On a vu au Gymnase Karin Viard, émouvante dans la descente aux enfers de « Vera »

Publié le 2 décembre 2016 à  22h01 - Dernière mise à  jour le 28 octobre 2022 à  15h45

Karin Viard au Gymnase dans
Karin Viard au Gymnase dans

C’est le récit d’une chute lente, profonde, totale et inexorable. Celle d’une certaine Vera qui, directrice de casting riche et célèbre se retrouvera virée de son boulot, sans le sou et pratiquement SDF. Au début de cette pièce féroce signée Petr Zelenka adaptée en français par Pierre Notte, nous découvrons une jeune femme cynique, à qui tout réussit. Venant de fusionner son agence qui s’occupe d’acteurs et d’actrices de cinéma et de télévision avec une importante structure anglaise, Vera étale sa puissance, son goût du pouvoir, son amour de l’argent.

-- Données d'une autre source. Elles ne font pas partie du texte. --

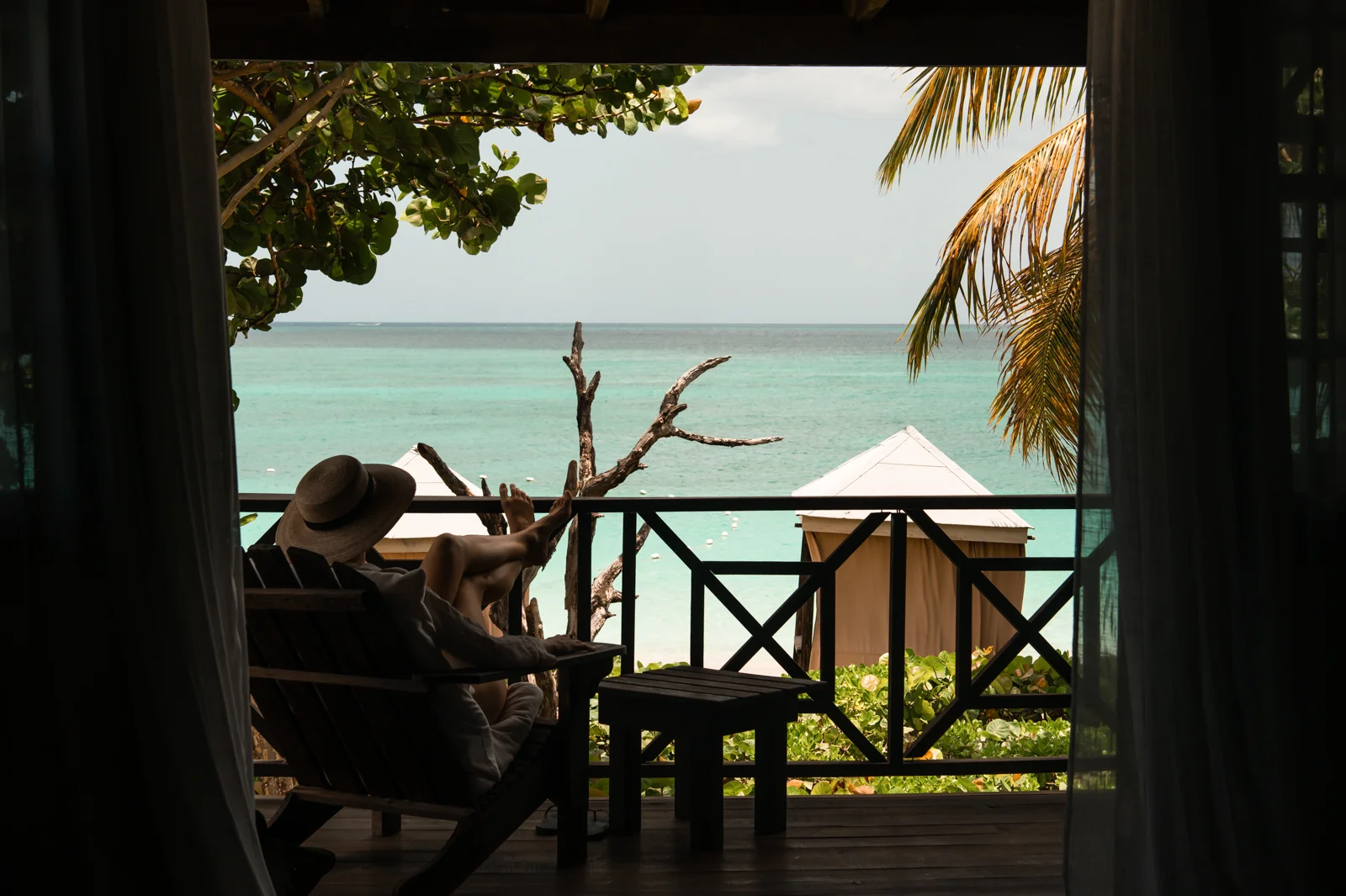 Tropical View.jpg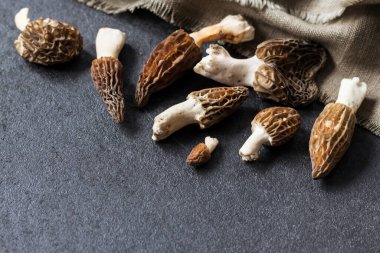 Morel mantarları siyah arkaplanda yakın plan.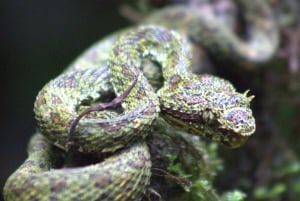 Privat fottur i nasjonalparken Volcán Tenorio – Río Celeste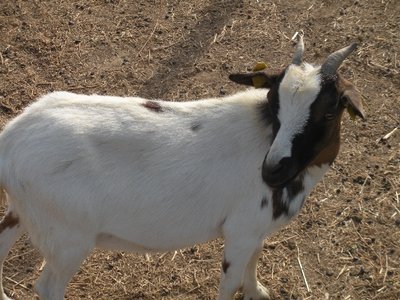 Mamma / Mamma.JPG Mamma.JPG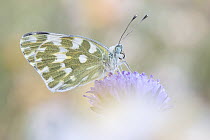 Eastern Bath White (Pontia edusa) butterfly, Dalmatia, Croatia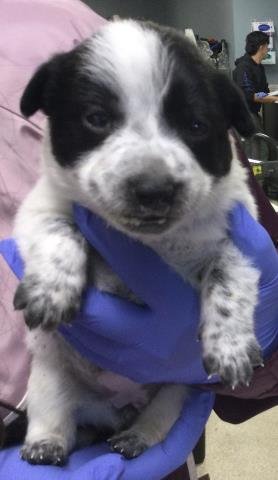 AMOEBA - Australian Cattle Dog/Blue Heeler available for adoption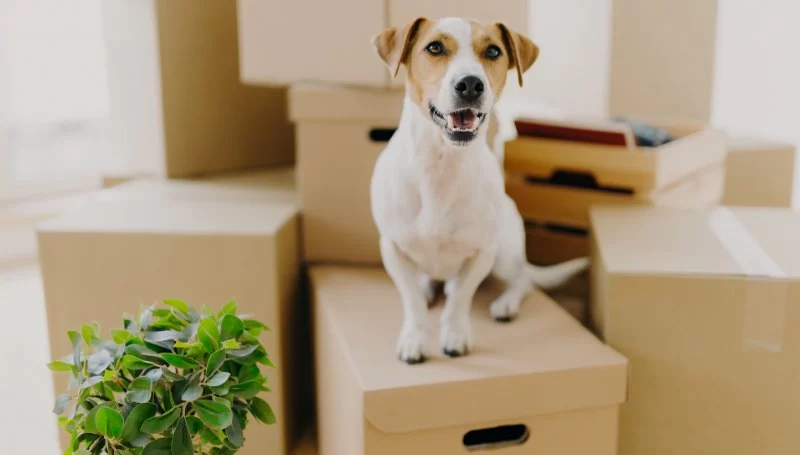 How to Reduce Anxiety in Pets Before Moving to a New Home in the US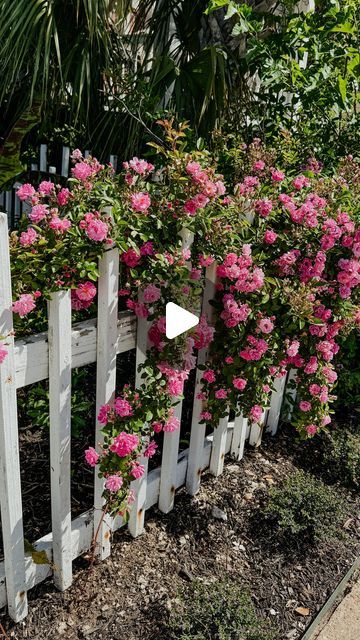 Rosie on Instagram: "Happy earth day everyone!! 🌳🌎💕   The Peggy Martin rose, also known as the “Katrina rose,” has a captivating tale that began with Peggy Martin, a Louisiana gardener and descendant of a family with deep roots in the area. When Hurricane Katrina struck in 2005, Martin’s garden, along with much of her community, was submerged under floodwaters. Miraculously, one rose bush survived the devastation, resilient against the storm’s fury. This lone survivor, a vigorous climbing rose, later came to be known as the Peggy Martin rose. Its ability to endure the harshest of conditions and thrive amidst adversity captured the hearts of many, symbolizing hope and resilience in the face of disaster. Today, the Peggy Martin rose serves as a living testament to the strength of the huma Climbing Roses Pergola, Peggy Martin Rose Climbing, Katrina Rose, Peggy Martin Rose, Martin Rose, Lone Survivor, Climbing Rose, To Be Known, English Country Style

A la fin de cette comédie dramatique nous la voyons allongée par terre, presque suicidaire, et pleurant enfin la mort d’un père qu’elle a méprisé, et humilié en lui retirant la présence d’une aide soignante à domicile qui était sincèrement tombée amoureuse de lui. En mots crus où elle affrontera des individualistes, plus pourris qu’elle, Vera souffre et se plaint. La peinture des gens qui l’entourent brossée en portraits sans illusions sur la nature humaine par un auteur offrant du monde une réalité volontairement exagérée glace d’effroi. La mise en scène intelligente de Élise Vigier et Marcial Di Fonzo Bo tire la pièce vers la fable, et le procès à charge d’une époque propice à la manipulation mentale et sociale. Le fric, la mode, la télévision, la prostitution, le mensonge, la perversion, l’avidité, autant d’éléments narratifs explorés de manière très cinématographique, rappelant par certains aspects les films de Fassbinder. L’utilisation d’une musique additionnelle et l’emploi de moments vidéos montrant comment nos vies se trouvent explorées, espionnées, jetées en pâture sur le Net, structurent le regard des deux metteurs en scène dont l’un Marcial Di Fonzo Bo interprète également plusieurs rôles. Acteur assez magique dans «L’homme que j’aime» tourné à Marseille ou «Copi» où il travaillait déjà avec Élise Vigier, «La mère» de Zeller, ou «Les démons» de Lars Noren, ce Français né en Argentine travaille un peu comme Alfredo Arias dans le sens où il creuse les vérités intimes qui se cachent derrière le masque des apparences.

Karin Viard prodigieuse

Et puis il y a dans le rôle de Vera l’immense Karin Viard une fois encore époustouflante dont la prestation émeut. Elle incarne le seul personnage qui ne soit pas seulement un discours, auquel on finit par s’attacher, qui agace et qui nous invite à la compassion. On semble découvrir une pièce qui aurait été écrite spécialement pour elle, tant elle ne joue pas seulement Vera, elle lui donne un supplément d’âme. A elle seule elle mérite de voir cette pièce terrible, dure, âpre, où il y a quand même dans les dernières minutes la mis en forme d’un rêve de rédemption. Un beau moment de théâtre à la Krystian Lupa. C’est-à-dire estampillé prise de risques, inventivité, cohérence formelle, et art de déranger le spectateur. Un théâtre d’urgence à voir urgemment.